___ EXERCISE MATERIAL ___

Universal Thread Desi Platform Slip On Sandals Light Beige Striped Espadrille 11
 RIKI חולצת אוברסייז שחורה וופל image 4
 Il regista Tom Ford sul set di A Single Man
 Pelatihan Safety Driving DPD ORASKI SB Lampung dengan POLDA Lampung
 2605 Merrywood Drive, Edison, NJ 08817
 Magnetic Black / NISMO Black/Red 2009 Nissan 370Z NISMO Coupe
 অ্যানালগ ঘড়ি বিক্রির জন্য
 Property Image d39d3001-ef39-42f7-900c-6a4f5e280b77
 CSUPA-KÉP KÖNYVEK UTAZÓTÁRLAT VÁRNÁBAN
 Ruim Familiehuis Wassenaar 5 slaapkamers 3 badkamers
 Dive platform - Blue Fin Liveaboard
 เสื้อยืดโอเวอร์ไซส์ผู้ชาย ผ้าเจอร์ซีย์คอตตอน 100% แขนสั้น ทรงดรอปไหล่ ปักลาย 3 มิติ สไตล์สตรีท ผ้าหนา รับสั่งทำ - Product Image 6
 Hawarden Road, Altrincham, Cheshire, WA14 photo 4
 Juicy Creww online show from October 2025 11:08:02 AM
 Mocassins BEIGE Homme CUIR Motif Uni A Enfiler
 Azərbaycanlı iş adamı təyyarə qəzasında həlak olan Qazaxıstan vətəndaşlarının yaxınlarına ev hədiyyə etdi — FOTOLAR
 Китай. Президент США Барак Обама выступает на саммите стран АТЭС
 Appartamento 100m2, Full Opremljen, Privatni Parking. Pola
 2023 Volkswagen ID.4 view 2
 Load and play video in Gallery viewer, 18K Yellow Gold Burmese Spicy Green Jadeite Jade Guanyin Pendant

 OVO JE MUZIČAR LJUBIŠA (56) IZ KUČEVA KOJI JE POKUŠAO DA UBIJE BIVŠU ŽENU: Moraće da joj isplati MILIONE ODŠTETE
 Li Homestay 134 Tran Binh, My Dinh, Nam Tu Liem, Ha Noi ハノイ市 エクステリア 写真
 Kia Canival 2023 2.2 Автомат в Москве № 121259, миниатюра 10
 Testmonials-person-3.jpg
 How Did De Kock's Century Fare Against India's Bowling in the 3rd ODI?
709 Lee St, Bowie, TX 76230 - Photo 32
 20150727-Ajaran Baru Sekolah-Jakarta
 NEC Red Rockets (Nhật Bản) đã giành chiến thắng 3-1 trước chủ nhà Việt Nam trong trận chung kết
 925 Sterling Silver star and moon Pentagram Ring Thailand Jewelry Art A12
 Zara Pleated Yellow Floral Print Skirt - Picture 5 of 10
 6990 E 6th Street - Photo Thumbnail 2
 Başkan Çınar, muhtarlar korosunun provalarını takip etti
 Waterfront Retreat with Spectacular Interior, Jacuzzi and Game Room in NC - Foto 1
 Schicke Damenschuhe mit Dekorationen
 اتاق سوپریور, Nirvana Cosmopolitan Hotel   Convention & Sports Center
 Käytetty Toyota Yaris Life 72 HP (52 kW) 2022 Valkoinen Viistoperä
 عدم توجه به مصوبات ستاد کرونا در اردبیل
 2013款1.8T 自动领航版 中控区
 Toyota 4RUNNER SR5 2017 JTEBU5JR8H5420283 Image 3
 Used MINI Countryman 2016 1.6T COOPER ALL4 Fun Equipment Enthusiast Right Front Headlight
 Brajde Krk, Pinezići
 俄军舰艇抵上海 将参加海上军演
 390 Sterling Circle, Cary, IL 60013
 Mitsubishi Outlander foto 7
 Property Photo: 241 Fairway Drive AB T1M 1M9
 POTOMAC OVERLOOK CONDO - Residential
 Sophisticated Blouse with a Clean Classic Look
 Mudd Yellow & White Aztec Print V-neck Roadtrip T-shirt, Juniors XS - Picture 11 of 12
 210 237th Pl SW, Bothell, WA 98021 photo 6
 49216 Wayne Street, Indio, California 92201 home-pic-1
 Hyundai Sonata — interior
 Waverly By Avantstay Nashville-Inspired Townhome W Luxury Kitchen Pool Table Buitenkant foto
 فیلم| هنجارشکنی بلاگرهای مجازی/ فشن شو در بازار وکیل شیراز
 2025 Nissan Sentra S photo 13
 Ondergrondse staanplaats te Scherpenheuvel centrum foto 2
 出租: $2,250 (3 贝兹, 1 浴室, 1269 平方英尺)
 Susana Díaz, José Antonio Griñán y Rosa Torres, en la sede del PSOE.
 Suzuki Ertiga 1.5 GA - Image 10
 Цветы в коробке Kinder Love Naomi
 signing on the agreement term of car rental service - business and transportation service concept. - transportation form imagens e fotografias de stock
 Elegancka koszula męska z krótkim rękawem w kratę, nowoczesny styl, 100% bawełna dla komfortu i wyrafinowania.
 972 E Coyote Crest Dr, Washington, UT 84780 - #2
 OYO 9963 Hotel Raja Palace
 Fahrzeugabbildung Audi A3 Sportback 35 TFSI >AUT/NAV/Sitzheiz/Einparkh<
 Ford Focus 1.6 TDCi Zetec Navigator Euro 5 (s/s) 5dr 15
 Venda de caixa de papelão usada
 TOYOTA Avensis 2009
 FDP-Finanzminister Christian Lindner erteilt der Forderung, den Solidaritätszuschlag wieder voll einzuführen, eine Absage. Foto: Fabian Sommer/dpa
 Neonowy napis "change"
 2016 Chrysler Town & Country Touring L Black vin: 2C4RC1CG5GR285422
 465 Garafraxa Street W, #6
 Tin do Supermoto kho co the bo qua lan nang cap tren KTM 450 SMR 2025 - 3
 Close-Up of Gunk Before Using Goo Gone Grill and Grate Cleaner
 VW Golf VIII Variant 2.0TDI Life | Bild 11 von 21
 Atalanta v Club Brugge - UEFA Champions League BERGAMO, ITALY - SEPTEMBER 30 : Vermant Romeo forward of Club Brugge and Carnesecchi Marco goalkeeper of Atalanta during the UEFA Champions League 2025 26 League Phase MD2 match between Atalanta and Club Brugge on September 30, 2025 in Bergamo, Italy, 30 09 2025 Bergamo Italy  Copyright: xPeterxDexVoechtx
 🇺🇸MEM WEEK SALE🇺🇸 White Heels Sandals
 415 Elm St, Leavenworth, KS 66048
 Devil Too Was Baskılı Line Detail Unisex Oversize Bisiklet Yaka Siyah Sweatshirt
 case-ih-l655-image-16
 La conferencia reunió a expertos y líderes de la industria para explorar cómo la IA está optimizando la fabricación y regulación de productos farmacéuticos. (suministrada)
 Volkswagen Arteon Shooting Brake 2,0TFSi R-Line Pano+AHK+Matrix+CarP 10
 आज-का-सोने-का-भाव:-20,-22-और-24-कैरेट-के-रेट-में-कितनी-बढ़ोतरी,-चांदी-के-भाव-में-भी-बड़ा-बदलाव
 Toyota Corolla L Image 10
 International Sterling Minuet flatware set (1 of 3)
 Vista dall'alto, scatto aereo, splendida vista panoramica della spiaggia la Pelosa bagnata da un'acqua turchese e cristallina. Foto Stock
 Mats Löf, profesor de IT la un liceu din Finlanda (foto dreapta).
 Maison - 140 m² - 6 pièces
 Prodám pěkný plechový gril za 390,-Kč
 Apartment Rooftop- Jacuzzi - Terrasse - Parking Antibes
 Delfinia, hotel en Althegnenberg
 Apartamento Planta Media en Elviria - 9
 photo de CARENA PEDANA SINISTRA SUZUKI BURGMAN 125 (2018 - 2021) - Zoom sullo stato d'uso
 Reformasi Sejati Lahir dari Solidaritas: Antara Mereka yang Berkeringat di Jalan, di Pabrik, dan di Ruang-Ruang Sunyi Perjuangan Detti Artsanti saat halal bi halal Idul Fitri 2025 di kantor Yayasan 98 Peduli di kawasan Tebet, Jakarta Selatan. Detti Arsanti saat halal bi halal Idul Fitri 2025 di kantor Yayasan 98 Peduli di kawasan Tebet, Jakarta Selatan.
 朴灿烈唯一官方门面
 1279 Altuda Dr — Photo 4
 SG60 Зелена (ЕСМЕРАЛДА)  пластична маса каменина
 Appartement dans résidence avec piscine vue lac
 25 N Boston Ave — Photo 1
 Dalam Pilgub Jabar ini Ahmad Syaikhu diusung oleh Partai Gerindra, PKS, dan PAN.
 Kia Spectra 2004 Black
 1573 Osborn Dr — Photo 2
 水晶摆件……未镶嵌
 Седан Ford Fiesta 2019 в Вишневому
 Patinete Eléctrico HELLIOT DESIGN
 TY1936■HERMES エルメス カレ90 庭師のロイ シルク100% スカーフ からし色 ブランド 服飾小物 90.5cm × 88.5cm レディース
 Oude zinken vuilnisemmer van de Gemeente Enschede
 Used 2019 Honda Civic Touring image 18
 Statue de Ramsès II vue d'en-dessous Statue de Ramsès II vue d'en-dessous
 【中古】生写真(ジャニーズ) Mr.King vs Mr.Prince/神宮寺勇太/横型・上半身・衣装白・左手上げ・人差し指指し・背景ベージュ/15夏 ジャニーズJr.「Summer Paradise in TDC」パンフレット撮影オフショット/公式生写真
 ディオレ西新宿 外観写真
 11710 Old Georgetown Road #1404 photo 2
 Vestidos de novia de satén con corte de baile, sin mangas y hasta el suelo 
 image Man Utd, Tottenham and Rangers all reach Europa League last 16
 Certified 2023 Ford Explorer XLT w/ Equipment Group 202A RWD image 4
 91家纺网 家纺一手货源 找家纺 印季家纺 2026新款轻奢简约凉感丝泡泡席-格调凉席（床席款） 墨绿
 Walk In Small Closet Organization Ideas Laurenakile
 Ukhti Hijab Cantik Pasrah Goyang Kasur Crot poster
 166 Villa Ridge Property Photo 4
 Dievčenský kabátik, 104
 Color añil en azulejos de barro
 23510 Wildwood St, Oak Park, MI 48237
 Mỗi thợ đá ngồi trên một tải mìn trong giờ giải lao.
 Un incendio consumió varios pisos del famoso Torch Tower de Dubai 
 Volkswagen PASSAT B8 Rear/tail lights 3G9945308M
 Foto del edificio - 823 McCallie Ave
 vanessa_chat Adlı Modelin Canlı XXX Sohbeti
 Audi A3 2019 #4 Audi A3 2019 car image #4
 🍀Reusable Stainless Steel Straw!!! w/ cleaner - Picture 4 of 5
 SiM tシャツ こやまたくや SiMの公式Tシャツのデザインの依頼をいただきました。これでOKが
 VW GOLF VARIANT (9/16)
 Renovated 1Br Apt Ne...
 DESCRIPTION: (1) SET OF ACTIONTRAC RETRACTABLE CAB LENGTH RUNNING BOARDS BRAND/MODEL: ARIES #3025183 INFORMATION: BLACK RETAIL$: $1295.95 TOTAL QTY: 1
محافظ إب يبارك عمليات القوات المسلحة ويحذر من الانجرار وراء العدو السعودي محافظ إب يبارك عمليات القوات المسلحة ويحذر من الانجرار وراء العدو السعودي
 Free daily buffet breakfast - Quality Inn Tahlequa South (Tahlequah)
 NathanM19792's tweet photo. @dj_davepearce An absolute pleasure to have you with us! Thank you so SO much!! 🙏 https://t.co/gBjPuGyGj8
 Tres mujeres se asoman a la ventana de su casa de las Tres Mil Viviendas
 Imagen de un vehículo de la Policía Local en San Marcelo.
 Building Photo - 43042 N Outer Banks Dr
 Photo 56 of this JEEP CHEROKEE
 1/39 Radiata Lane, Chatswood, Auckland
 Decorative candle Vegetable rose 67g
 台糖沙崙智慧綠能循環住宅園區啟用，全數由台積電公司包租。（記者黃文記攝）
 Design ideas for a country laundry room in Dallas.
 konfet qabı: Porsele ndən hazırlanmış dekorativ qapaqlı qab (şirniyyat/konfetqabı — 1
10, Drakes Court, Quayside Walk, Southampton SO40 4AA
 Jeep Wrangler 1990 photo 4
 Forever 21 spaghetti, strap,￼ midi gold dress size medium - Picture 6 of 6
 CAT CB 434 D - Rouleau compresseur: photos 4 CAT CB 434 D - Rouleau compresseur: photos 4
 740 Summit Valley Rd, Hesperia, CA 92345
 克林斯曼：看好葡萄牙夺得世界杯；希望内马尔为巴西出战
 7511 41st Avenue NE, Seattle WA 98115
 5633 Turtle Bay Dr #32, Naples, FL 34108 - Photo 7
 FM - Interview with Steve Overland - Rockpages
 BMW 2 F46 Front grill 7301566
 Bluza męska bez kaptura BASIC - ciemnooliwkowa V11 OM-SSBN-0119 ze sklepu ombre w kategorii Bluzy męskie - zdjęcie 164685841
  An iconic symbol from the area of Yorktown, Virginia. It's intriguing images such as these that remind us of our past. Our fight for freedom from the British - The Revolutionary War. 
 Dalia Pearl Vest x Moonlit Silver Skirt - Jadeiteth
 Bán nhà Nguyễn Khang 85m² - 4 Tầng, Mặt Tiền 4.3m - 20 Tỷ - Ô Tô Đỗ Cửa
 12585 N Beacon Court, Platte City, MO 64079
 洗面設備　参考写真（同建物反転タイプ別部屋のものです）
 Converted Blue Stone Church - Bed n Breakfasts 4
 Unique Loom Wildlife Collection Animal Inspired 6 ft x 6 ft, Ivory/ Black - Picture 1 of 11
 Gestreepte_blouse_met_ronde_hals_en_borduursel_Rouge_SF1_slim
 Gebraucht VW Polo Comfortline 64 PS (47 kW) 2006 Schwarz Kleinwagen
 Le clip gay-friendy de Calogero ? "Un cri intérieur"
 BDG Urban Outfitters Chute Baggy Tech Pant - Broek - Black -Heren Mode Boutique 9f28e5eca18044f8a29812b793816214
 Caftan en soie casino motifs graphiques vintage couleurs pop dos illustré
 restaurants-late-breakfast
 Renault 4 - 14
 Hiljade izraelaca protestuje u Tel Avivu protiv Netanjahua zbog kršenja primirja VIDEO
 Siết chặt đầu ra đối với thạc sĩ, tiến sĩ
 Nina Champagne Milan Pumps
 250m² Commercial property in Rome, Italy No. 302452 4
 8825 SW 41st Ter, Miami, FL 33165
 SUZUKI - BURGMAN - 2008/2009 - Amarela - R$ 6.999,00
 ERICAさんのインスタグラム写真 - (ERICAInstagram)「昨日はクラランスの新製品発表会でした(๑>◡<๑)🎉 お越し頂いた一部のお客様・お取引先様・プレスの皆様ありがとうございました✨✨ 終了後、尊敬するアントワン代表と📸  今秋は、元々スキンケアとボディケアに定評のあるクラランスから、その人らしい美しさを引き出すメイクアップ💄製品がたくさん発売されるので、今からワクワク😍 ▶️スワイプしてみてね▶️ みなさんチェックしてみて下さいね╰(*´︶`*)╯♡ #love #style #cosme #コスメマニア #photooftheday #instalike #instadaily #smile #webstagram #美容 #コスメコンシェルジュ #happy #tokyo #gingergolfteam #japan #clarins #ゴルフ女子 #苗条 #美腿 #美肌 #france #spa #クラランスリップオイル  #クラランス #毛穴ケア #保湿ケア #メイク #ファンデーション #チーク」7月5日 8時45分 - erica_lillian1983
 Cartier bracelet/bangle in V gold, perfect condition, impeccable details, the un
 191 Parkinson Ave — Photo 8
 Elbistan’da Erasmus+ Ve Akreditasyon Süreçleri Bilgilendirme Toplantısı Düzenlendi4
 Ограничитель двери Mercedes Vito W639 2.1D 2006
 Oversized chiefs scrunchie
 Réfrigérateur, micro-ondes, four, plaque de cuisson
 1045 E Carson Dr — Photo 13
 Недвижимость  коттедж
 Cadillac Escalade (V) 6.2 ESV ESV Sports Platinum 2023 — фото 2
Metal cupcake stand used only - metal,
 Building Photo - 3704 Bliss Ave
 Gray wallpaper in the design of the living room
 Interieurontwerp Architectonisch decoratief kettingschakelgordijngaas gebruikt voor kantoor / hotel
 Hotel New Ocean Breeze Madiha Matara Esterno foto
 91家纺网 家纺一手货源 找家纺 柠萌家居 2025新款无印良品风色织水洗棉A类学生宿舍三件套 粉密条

___

From the records above, copy each line that contains the word "Building".

RESPONSE TO THE TASK:
 Building Photo - 43042 N Outer Banks Dr
 Building Photo - 3704 Bliss Ave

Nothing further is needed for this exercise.